Dutch footballer (born 2004)

Sam de Grand (born 5 October 2004) is a Dutch professional footballer who plays as a left-back for club AZ.

==Early life==
De Grand was born on 5 October 2004 in 's-Hertogenbosch, Netherlands. When he was one month old, his family relocated to Leuven, Belgium, after his father took up a position at Canon, and he grew up there.

==Club career==
===Early years===
De Grand began his youth career at OH Leuven, the club local to where he grew up, before joining the academy of Anderlecht. In 2017, at the age of 12, he joined Genk, where he progressed through the youth ranks, represented the club in the UEFA Youth League, and made his professional debut for Jong Genk in the Challenger Pro League in 2022. He described the transition from Genk's reserves to first-team football as having been difficult, with limited opportunities leading him to seek a move.

===Lommel===
On 31 January 2023, De Grand joined Lommel in the Challenger Pro League. Having made only six league appearances in the second half of his debut season, he grew into a regular starter during the 2023–24 season, though a knee injury in April 2024 cut short his campaign.
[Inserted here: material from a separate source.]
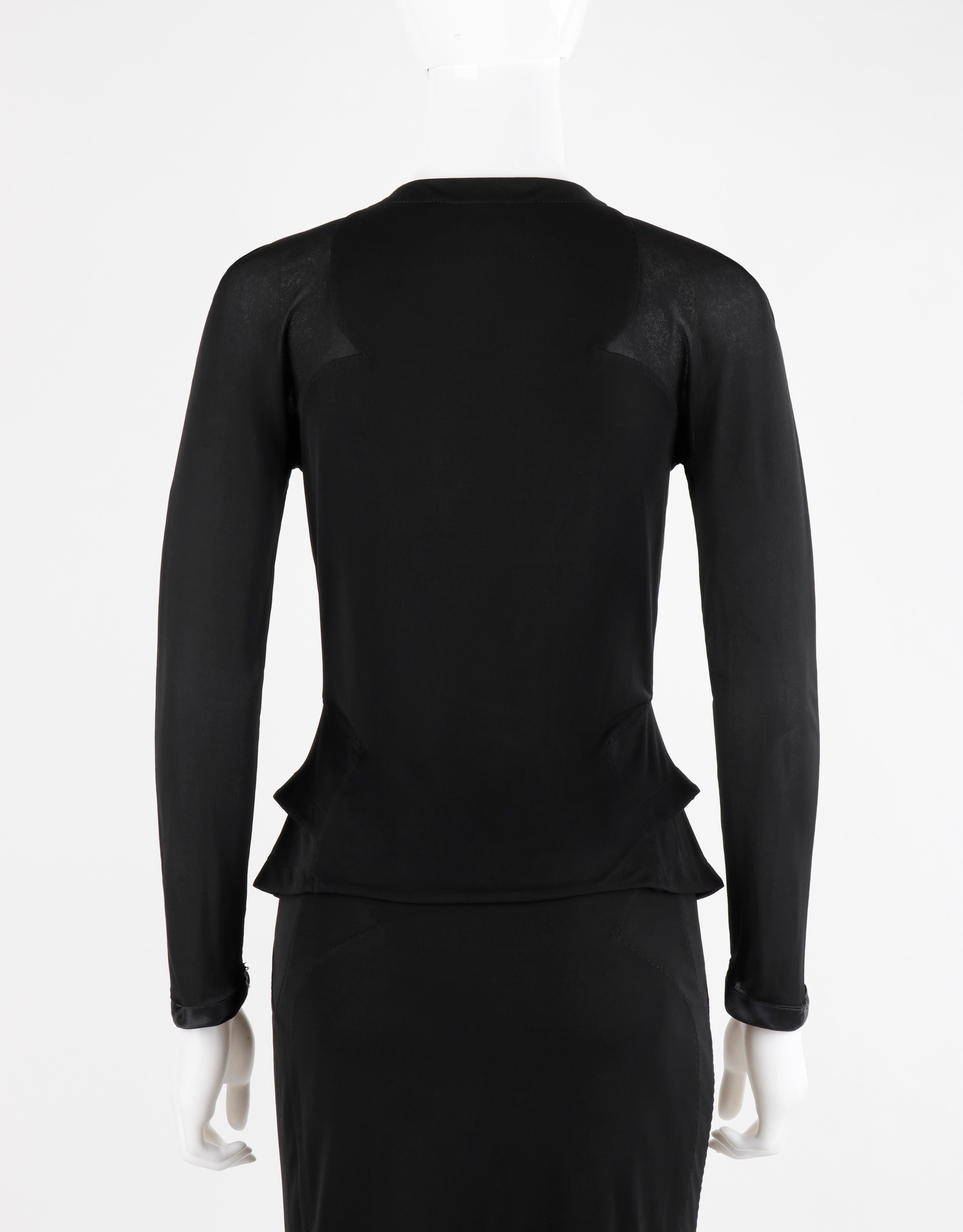 pencil skirt suit for wedding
He extended his contract until June 2028 in May 2024, despite reported interest from clubs in the Eredivisie, and by the 2025–26 season had become near ever-present at left back, starting almost every match in Lommel's push for promotion.

===AZ===
On 26 July 2026, De Grand signed a four-year contract with Eredivisie club AZ.

==International career==
De Grand made his first international appearance for the Netherlands under-18 in 2022, scoring in his only cap at that level.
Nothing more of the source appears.